【通釈】 起句 雨の降る前に、花は蘂がやっと見える程に開いたばかりであったのに、
承句 雨があがって見ると、もう茂った葉の中に花は全く無い。
転句 蝶がひらひらと飛んで来たが、かきねを過ぎて行ってしまった。
結句 ふと思う、春景はもう隣の家に行ってしまったのだろうかと。
【語釈】 初 はじめて。…したばかりの意。
蘂 しべ、花蕊。
兼 この場合は尽の意。無を強調したもの。
蛺蝶 ①蝶の総称。②あげは蝶。
牆 かきね。
卻疑 ふと疑う。卻はそのようなことはないのにの意。
春色 春の景色
【押韻】 平声、麻韻。花、家。起句は踏み落とし。
この詩のように、起句、承句が対句の場合、多くは起句を踏み落とす。
【解説】 王駕は晩唐の人。字(あざな)は大用。昭宗の大順元年(八九〇)進士及第。

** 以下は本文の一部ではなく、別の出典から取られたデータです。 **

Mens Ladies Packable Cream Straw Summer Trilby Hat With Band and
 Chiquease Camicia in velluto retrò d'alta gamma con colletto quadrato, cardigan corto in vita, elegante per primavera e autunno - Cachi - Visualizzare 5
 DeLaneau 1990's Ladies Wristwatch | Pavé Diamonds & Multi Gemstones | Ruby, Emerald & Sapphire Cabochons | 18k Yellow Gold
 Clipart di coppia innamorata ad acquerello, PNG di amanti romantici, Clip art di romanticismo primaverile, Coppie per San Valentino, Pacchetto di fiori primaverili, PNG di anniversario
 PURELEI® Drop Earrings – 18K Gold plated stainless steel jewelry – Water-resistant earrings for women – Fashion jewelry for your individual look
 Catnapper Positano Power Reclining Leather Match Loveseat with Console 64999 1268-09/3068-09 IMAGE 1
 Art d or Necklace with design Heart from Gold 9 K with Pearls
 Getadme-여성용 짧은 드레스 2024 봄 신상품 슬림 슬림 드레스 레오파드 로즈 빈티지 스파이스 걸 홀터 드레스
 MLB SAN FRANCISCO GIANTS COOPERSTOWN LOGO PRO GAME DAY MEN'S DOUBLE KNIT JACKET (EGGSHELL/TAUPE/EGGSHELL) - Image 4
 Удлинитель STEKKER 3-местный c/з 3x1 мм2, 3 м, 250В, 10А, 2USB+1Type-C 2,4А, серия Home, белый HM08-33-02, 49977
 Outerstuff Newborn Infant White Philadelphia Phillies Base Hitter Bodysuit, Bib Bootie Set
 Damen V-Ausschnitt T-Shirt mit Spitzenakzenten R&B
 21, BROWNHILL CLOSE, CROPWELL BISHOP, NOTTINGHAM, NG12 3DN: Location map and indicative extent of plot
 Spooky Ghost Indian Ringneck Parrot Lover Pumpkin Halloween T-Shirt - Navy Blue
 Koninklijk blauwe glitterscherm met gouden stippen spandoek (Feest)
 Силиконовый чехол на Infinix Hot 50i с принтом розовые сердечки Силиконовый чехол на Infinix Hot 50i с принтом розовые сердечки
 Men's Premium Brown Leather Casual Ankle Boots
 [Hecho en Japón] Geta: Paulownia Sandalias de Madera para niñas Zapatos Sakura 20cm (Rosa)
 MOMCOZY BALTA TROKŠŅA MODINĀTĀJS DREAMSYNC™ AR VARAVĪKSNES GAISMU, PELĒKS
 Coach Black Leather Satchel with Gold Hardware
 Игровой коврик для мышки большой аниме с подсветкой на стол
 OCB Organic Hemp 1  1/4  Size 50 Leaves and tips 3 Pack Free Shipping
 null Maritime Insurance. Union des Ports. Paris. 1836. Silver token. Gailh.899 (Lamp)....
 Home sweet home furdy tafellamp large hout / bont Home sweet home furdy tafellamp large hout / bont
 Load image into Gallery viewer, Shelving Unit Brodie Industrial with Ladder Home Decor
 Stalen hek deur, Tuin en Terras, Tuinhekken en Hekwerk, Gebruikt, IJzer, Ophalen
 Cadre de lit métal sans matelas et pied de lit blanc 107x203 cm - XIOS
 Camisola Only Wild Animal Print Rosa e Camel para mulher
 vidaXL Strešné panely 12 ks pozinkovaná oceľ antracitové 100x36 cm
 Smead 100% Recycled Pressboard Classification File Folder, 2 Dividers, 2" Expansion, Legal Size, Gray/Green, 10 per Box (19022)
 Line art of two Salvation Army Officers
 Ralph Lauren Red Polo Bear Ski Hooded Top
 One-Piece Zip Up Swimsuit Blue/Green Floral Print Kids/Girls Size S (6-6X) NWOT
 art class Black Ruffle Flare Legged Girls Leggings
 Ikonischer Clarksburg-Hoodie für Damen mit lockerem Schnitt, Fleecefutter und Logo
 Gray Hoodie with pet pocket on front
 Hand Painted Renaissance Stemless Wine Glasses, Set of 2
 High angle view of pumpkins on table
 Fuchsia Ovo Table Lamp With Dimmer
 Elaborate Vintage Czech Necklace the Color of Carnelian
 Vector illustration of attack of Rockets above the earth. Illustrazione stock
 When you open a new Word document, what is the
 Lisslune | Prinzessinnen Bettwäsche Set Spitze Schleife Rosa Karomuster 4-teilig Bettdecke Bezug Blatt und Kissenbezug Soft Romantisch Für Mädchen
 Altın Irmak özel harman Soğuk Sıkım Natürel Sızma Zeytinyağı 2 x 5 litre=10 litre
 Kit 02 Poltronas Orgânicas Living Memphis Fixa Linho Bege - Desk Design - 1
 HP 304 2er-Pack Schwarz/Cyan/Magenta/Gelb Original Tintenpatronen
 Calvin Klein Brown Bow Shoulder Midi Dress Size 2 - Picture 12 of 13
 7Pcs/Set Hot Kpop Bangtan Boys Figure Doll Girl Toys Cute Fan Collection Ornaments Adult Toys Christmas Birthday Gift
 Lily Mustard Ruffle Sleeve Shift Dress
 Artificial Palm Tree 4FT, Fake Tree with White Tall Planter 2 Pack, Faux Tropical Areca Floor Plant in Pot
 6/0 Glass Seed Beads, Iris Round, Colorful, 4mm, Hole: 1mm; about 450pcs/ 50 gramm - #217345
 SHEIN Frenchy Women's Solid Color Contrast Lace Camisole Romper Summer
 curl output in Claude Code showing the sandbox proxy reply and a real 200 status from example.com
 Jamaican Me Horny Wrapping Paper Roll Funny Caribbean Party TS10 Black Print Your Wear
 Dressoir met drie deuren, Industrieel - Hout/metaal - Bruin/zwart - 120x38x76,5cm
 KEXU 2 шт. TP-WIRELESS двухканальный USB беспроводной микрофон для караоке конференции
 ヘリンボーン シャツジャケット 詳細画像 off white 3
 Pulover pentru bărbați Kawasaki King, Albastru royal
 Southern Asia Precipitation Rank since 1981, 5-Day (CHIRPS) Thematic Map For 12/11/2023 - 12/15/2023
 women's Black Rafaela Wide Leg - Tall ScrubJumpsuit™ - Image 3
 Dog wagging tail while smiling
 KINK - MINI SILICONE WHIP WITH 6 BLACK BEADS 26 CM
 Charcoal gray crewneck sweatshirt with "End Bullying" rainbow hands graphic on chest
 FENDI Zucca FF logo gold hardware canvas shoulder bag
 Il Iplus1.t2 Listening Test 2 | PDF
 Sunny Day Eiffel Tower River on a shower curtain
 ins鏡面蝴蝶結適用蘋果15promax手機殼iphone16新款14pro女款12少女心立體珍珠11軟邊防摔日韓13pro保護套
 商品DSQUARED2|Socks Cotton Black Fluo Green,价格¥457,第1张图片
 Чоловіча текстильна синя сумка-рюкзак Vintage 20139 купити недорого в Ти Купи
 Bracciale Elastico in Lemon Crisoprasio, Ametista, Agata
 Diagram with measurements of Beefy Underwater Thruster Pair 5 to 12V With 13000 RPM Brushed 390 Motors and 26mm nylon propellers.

自ら
守素先生と号した。
此の詩は、庭の春景色の移ろいの様子を軽妙なタッチでさらりと詠じたもので、
読後にさわやかなあと味をのこしてくれる佳作です。
尚この詩は、三体詩、連珠詩格に詩題を晴景として採録されているが、ここでは
全唐詩に從い「雨晴」を採用した。